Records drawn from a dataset
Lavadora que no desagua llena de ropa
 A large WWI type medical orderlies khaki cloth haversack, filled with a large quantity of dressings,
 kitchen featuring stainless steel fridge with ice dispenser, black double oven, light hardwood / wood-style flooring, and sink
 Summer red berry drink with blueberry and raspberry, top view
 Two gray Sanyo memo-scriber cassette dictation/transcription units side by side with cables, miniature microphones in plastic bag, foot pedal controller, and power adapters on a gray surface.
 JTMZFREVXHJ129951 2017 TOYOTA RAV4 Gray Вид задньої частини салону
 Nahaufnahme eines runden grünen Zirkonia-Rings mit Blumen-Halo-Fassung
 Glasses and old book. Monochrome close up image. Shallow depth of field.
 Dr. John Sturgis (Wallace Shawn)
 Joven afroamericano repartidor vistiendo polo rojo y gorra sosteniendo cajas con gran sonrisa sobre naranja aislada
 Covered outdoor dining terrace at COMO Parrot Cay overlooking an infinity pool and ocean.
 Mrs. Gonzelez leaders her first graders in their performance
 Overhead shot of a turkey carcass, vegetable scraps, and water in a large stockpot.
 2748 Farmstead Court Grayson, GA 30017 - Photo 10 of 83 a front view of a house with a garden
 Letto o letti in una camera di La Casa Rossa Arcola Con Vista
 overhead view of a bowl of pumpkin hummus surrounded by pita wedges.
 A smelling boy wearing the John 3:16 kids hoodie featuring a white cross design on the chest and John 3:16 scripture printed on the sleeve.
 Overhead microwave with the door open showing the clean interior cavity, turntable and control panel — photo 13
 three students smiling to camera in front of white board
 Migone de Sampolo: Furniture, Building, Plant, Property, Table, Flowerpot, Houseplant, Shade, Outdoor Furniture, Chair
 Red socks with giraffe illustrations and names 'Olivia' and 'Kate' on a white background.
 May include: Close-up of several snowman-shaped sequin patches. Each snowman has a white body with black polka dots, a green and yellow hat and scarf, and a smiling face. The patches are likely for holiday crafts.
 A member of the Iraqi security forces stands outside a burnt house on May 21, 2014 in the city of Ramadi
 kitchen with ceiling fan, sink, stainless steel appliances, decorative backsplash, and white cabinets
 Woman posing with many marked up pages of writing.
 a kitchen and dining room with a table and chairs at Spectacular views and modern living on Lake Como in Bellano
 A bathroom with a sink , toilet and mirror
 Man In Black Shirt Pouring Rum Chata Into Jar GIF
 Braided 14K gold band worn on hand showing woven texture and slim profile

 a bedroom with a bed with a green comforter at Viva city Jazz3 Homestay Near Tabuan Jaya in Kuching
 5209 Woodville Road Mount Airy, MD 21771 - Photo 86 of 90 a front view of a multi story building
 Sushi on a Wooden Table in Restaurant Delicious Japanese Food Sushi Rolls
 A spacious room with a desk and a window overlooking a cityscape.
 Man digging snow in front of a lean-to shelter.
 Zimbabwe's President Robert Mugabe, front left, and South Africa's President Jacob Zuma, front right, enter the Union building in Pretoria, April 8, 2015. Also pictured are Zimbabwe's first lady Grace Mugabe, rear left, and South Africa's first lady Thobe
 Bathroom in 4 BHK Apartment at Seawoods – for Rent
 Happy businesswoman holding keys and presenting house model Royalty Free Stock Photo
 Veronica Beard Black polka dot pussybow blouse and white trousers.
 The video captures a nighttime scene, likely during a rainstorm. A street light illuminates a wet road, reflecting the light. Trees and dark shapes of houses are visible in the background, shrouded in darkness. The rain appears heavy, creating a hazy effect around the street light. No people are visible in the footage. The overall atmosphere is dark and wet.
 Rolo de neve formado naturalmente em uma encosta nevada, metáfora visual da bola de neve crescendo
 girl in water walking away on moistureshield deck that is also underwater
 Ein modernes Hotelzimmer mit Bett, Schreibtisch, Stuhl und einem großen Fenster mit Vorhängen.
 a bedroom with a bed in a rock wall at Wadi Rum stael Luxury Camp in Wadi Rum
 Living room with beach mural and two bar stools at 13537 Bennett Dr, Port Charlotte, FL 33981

* **THE PROBLEM**: The answer should consist of the lines from the first line of the entries through the line with "kitchen featuring stainless", copied exactly.

* **ANSWER TO THE EXERCISE**:
Lavadora que no desagua llena de ropa
 A large WWI type medical orderlies khaki cloth haversack, filled with a large quantity of dressings,
 kitchen featuring stainless steel fridge with ice dispenser, black double oven, light hardwood / wood-style flooring, and sink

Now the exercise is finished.